Ledra Palace'taki toplantılardan sonra, yurt-dışı
toplantılarının da fiilen yasaklanmış olması, toplumda büyük yankılara neden
oldu. Kamuoyu yasaklama olayının duyulmasıyla hayretler içinde kalırken,
toplumlararası tüm temasların liderlik ve işadamları ile sınırlı tutulmak
istendiği üzerinde duruluyor.
Bilindiği gibi Rum işadamlarıyla birlikte bir dizi
toplantıya katılmak üzere bir grup işadamı geçen Pazar Amerika'ya
uçmuştu." (Avrupa, 26.3.1998)
***
KADINLARDAN DEVLET ORGANLARINA DAVA
"Yurtdışında geçtiğimiz Mart ayında yapılan bir
toplantıya katılmak üzere yurt dışına çıkmak isteyen ve çıkışlarına izin
verilmeyen çeşitli sendikalara üye 4 kadın, dün konuyla ilgili devlet
organlarına dava açtı.
7'si idari ve 4'ü hukuk davası olmak üzere 11 dava
dosyası dün sabah Cemaliye Volkan, Gül Öztek, Gülev Sıdal ve Dilek Kodan'ın
avukatları tarafından Yüksek Mahkeme Mukayyitliği ve Hukuk Davaları
Mukayyitliği'ne teslim edildi...İdari davaların 4 tanesi seyahat özgürlüğünün
kısıtlanması, engellenmesi ve yasaklanması gerekçesiyle, 3'ü ise ilgili
şahıslara çalıştıkları kurum ve kuruluşlardan izin verilmemesi gerekçesiyle
açılırken, 4 hukuk davası da yurtdışına çıkışın engellenmesinden doğan manevi
zarar ve çıkışın haksız fiil oluşturan bireylerle engellenmiş olması
gerekçesiyle açıldı." (Kıbrıs, 4.6.1998)
***
DENKTAŞ'A GÖRE SEYAHAT ÖZGÜRLÜĞÜNÜN KISITLANMASI ŞART
"KKTC Cumhurbaşkanı Rauf Denktaş, kamu
görevlilerinin seyahat özgürlüğünün de engellenmesi gerektiğini savundu ve bu
konuda yasal düzenleme yapılmasını istedi. Denktaş, bu görüşünü Brüksel Kadın
Grubu temsilcileriyle dünkü görüşmesi sırasında dile getirdi. Brüksel Kadın
Grubu üyeleri, Cumhurbaşkanı Denktaş'a son temaslarıyla ilgili bilgi verdi ve
görüş alışverişinde bulundu.
Denktaş görüşme sırasında şunları da söyledi: "Bu
hükümetin yanlış veya doğru bir kararı var, bu karar nedir? Bu temaslar dursun.

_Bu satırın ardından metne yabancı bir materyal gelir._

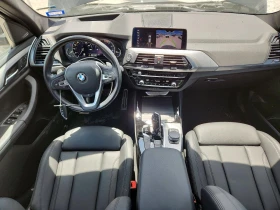 BMW X3 * X-DRIVE30I* | Auto.bg — изображение 9 BMW X3 * X-DRIVE30I* | Auto.bg — изображение 9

Niçin dursun? Çünkü bu temasları dünyaya, 'sendikalar, kadınlar toplanıyor.
Aralarında hır-gür yok. Gelin birlikte olalım, barış olsun' diye yayarak
deklerasyonlar çıkarıyorlar...Bu insanların amacı, KKTC'de devletin etkili
olmadığı ve 'hükümet başka ister, halk başka ister' intibasını dünyaya
yaymaktır. Evet hakkınızdır, 'gideceğim' derseniz gidersiniz. Benim
insanlarımdan istediğim; 'bir memurun hakkı değildir, memur izin almadan böyle
bir yere gidemez' diyerek, bunun memur olmanın getirdiği uygulamalar olduğunu
ortaya koymasıdır."
Cumhurbaşkanı Denktaş, bu konuda mahkemede dava sürdüğünü
ve mahkemeye tesir etmek istemediğini, ancak düşüncelerini söylemeye mecbur
olduğunu ifade etti. Denktaş, gerekirse hükümetin yasa geçirebileceğini ve
"bu maksatlar için Ada'dan çıkılamaz" denilebileceğini, çünkü böyle
olayların müdafaa edilen devlet olma hakkına zarar verebileceğini vurguladı.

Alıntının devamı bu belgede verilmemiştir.